T-Mobile is unable to comment because of the FCC's post-auction quiet period, but is expected to issue statements in October, when it is rumored to be shipping new handsets.
With the new spectrum, T-Mobile can offer a cellular broadband network on which customers can surf the Web via laptops and download mobile content at increased speeds. This capability is necessary for T-Mobile to compete with leading wireless carriers Cingular Wireless, Verizon and Sprint Nextel--all of which also acquired additional spectrum licenses in September's auction, and already are marketing their expanded mobile content offerings to customers.

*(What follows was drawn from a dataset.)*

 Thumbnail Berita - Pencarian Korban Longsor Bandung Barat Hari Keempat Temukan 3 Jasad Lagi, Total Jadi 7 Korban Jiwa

T-Mobile also will try to cultivate more land-line customers by increasing its level of mobile service. The company hopes its expanded network will encourage customers who previously maintained both a cell phone and a land-line phone because of inadequate reception or service at home to cut the cord. Unlike its competitors, T-Mobile is not affiliated with a domestic land-line network.
In its most aggressive move, the company is expected to ship dual-mode handsets as early as next month--well ahead of its rivals--that will enable customers to get online wirelessly, at home and at T-Mobile wireless hotspots.

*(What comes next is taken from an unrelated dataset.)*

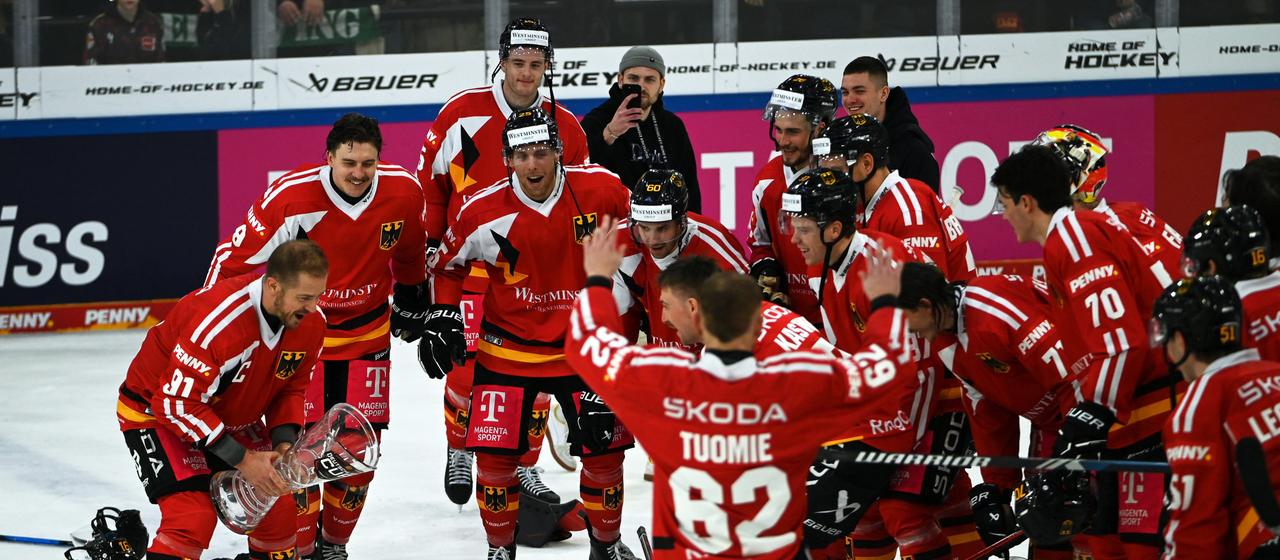 Moritz Müller feiert mit dem Deutschlandpokal und seinen Teamkollegen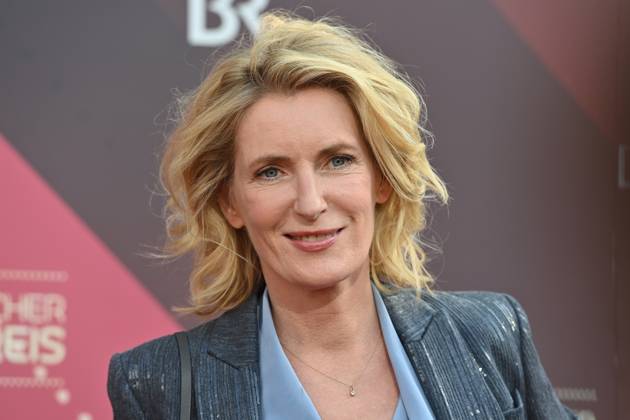 Maria FURTWAENGLER (Schauspielerin), Einzelbild,angeschnittenes Einzelmotiv,Portraet,Portrait,Porträt. Roter Teppich,Red Carpet,Bayerischer Filmpreis 2023 am 16.06.2023 im Prinzregententheater in Muenchen.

When coupled with a Wi-Fi router (which Vonage land-line customers already use to access their Internet-based telephone service), users may soon be able to sign up for a low-cost service plan that will allow them to make calls from their Wi-Fi connections at home without affecting the number of mobile minutes used.
Currently, T-Mobile only has 7,000 Wi-Fi hot spots in airports and Starbucks coffee shops, which customers can access for a daily or monthly fee.
Additionally, T-Mobile is test-marketing its own version of Alltel's "My Circle," plan, which lets customers make free calls to 10 people on any network, with its "My Favs" plan, which will allow the same access to five people.